China on Saturday demanded that Malaysia provide better information about the missing Malaysia Airlines flight that disappeared while on its way to Beijing a week ago.
The request came as Malaysia said the plane had been deliberately diverted off course, with whoever responsible taking with them scores of Chinese passengers on board the jet. But China’s continued blunt rhetoric against Kuala Lumpur is part of a broader regional rivalry over disputed territory that has been underscored, and which will remain bitter, once the focus of the multinational search operation moves on from the South China Sea.
"We demand that the Malaysian side continue to provide to China more thorough, accurate information," China's foreign ministry said, adding that it was sending a technical team to Malaysia to help with the probe.

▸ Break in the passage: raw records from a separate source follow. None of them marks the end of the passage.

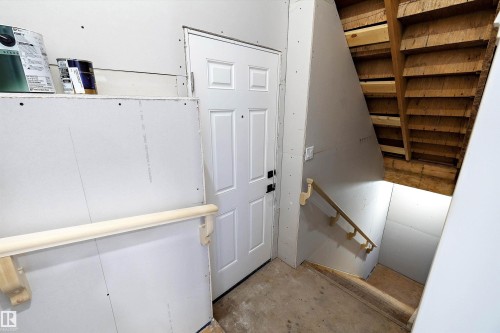 17325 6A Street, Edmonton, AB - Indoor Photo Showing Other Room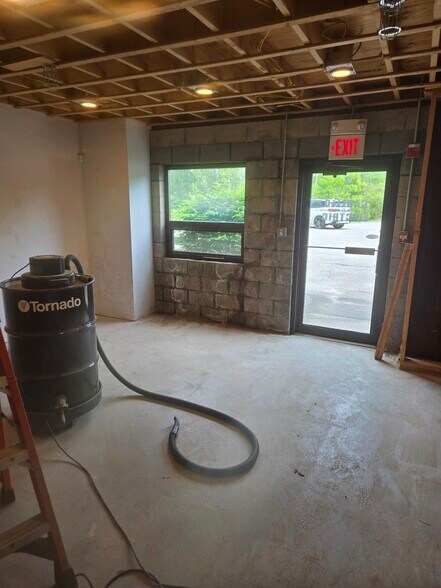 More Photos Of 282 Central St, Hudson Service For Sale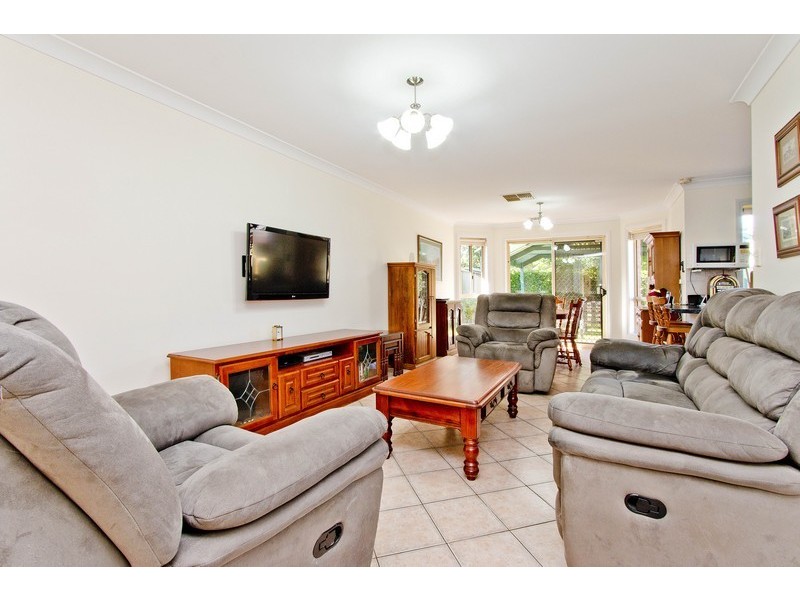 27D Golfers Avenue, Seaton SA 5023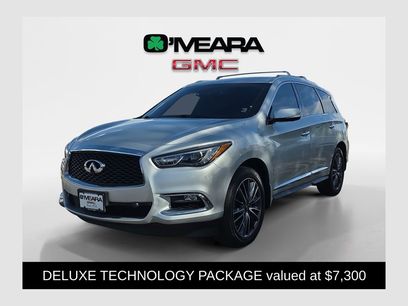 Used 2017 INFINITI QX60 Luxe w/ Deluxe Technology Package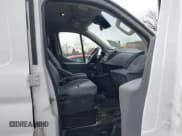 ✅ 2017 Ford Transit • VIN: 1FTYR2ZM5HKA18634 • Лот: 41675775. Опубликован ранее на IAAI с пробегом 263 278 миль. Бесплатный доступ к архиву аукционных продаж из США и подробный отчёт об истории автомобиля на DreamBid. Изображение 5.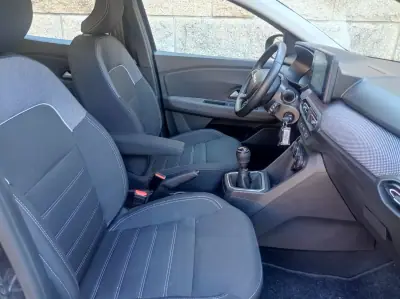 Dacia Sandero 2025 - 15990 EUR, 24500 km - AUTO.MOTO.pt - 24500km - foto 17 de 17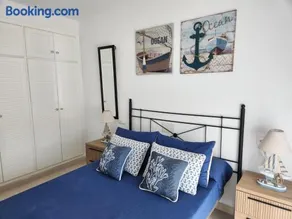 Triplex Adosado de cuatro dormitorios de esencia marítima a 2 minutos de la playa! - Image 2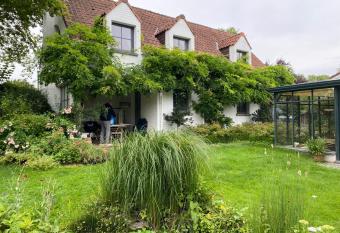 Le Cottage has Balcony rooms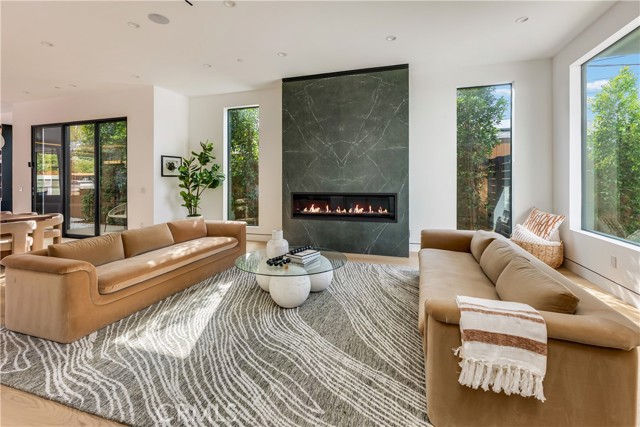 22930 Dolorosa Street, Woodland Hills CA: https://media.crmls.org/medias/f99eccfc-e123-4550-8b60-e1de13d875d9.jpg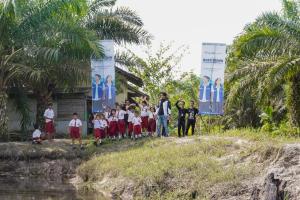 Relawan Bakti BUMN Batch VII di Mempawah Berlanjut hingga Desa Terpencil  083712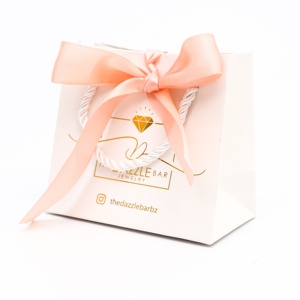 Boîte à bijoux personnalisée avec logo imprimé, pochette et sac cadeau en papier de luxe avec nom de marque en feuille d'or - Product Image 4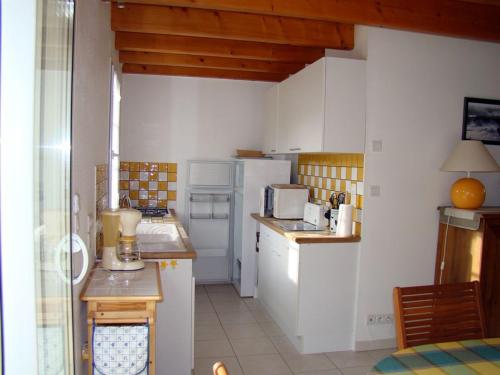 Photo de la galerie de l'établissement Élégante maison neuve à 1 km de la plage et côte sauvage, jardin, calme, tout confort - FR-1-418-32, à Bangor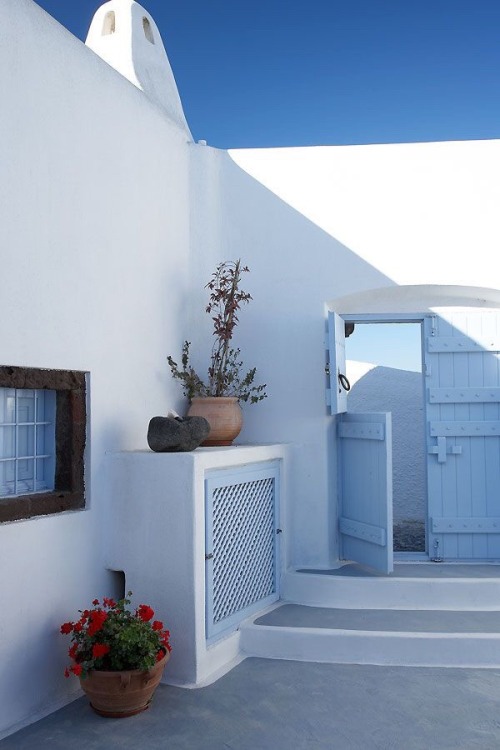 biisousss:dreaming of a summer house like this in Santorini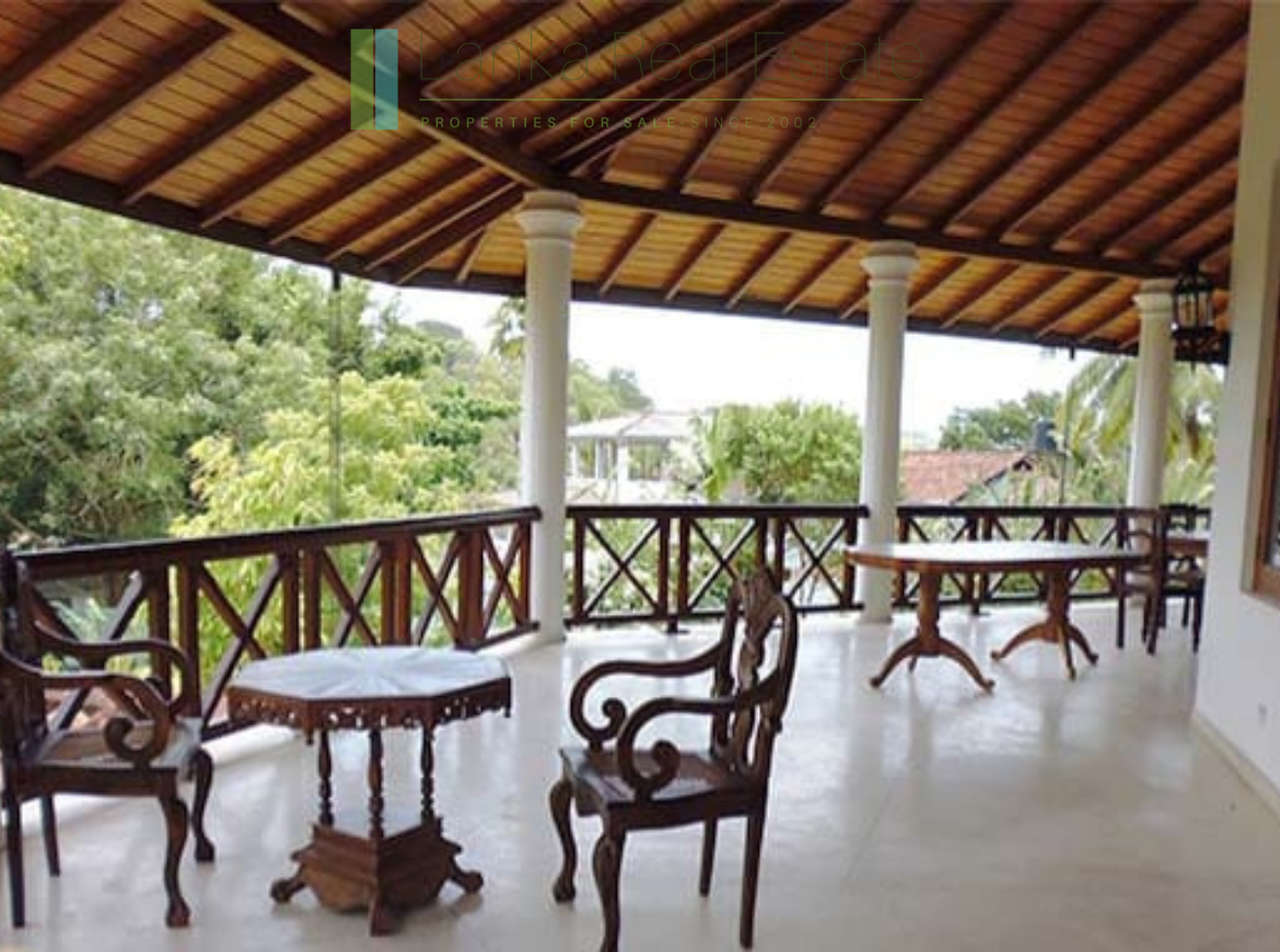 Large, well-presented villa near Hikkaduwa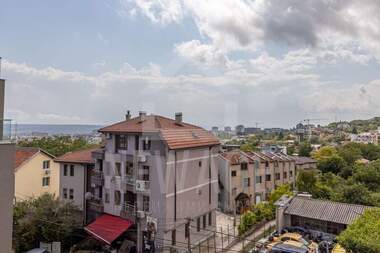 Vânzare - Apartament în Izgrev,  Varna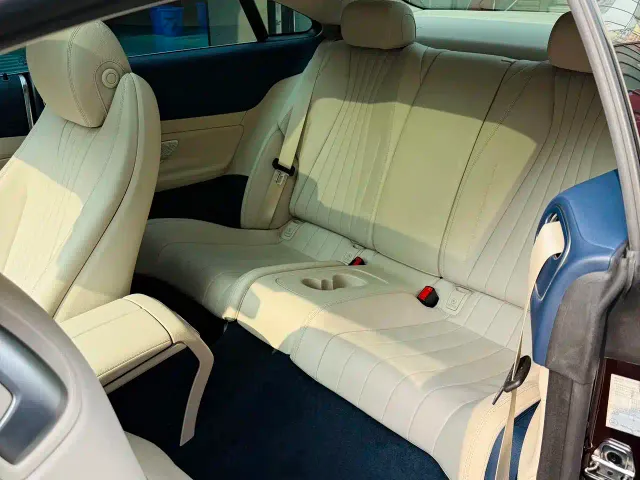 Mercedes-Benz E-Class — Фото автомобиля 5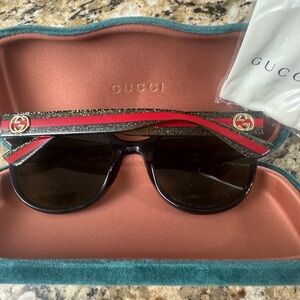 New Gucci sunglasses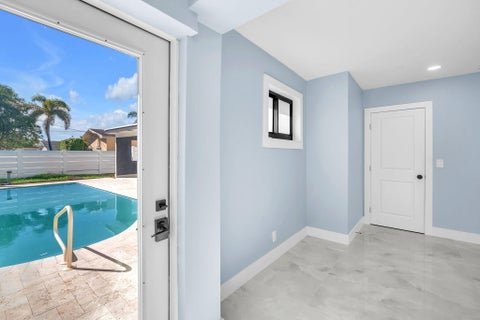 Tiny photo for 5000 ADAMS Street, Hollywood, FL 33021 (MLS # B26088877)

The demand for Malaysia to step up its search, additionally asking it to involve more countries in the effort, mirrored the physical reality of Beijing's military and technological might, which has been on full tilt during the search operation in the guise of Chinese warships and sophisticated satellite deployments.
At least 150 Chinese nationals were on board Flight MH370, and after nine days without definitive information on the circumstances of the missing flight, Beijing has now repeatedly and publicly expressed its discontent.
Saturday’s statement followed an earlier pronouncement, including Chinese Foreign Ministry spokesman Qin Gang on Monday acknowledging that while Malaysia had the "main responsibility" for both the search and the follow-up investigation, Beijing had a responsibility not only to participate but to "demand and urge" Malaysia to step up its efforts.
"The Chinese are drawing the conclusion that these guys are not ready for prime time," said Ernie Bower, a regional expert at Washington's Center for Strategic and International Studies, to Reuters, referring to Malaysia and its efforts to find the mystery plane.
But while China’s show of force can reasonably be attributed to its interest in getting to the bottom of a mystery that affects its nationals, it’s difficult to divorce the rhetoric from the ongoing territorial dispute.
Separately Monday, China said that its coast guard ships had driven away two Philippine vessels which had tried to approach a shoal in the South China Sea — the latest flare-up of a long-running territorial dispute.
The incident was part of a broader, ongoing regional standoff, where China claims about 90 percent of the South China Sea for itself, displaying its reach on official maps with a so-called "nine-dash" line that stretches deep into the maritime heart of Southeast Asia.
But Vietnam, the Philippines, Malaysia, Brunei and Taiwan also have claims to the sea, which sits above potentially rich but largely unexplored oil and gas deposits.
“This has been the problem since the end of the Cold War and really since the end of world war two,” said Christopher Hughes, a regional expert at the London School of Economics to The Guardian. “They have entrenched rivalries over so many issues – territorial, historical and so on – that it is almost impossible to get them to move toward any meaningful multilateral system."
The South China Sea carries an estimated $5 trillion in ship-borne trade annually – including oil imports by China, Japan and South Korea.
While search efforts temporarily evoked rare goodwill among rivals in the last week, they are sure to prove temporary.
Two Chinese naval exercises in less than a year around the James Shoal, a disputed reef only some 50 miles off the Malaysian coast, have angered Malaysia and led to a significant shift in its approach to China’s claims to the disputed sea. The reef lies outside Malaysia's territorial waters, but inside its 200-nautical-mile exclusive economic zone.
A January incident, in particular, prompted Malaysia to quietly step up cooperation with the Philippines and Vietnam, the two Southeast Asian nations most outspoken over China's moves in the region. Malaysia has tried to tie Beijing to binding rules of conduct in the South China Sea, rules the United States supports as part of its efforts to keep Chinese regional ambitions in check.
While Malaysia has traditionally played down security concerns in pursuit of closer economic ties with China, its biggest trade partner, Beijing’s growing naval assertiveness continues to worry the country.
As a part of its search for the missing flight, China has deployed four warships, four coastguard vessels, eight aircraft and trained 10 satellites on a wide search area far from mainland China.
The technological dominance has not be lost on observers.
"Since we don't have that collaborative effort well established yet, I think the Chinese are, whether intentionally or unintentionally, sending a message to their citizens that Malaysia is a small country that's not able to manage [the search] well," said Bower.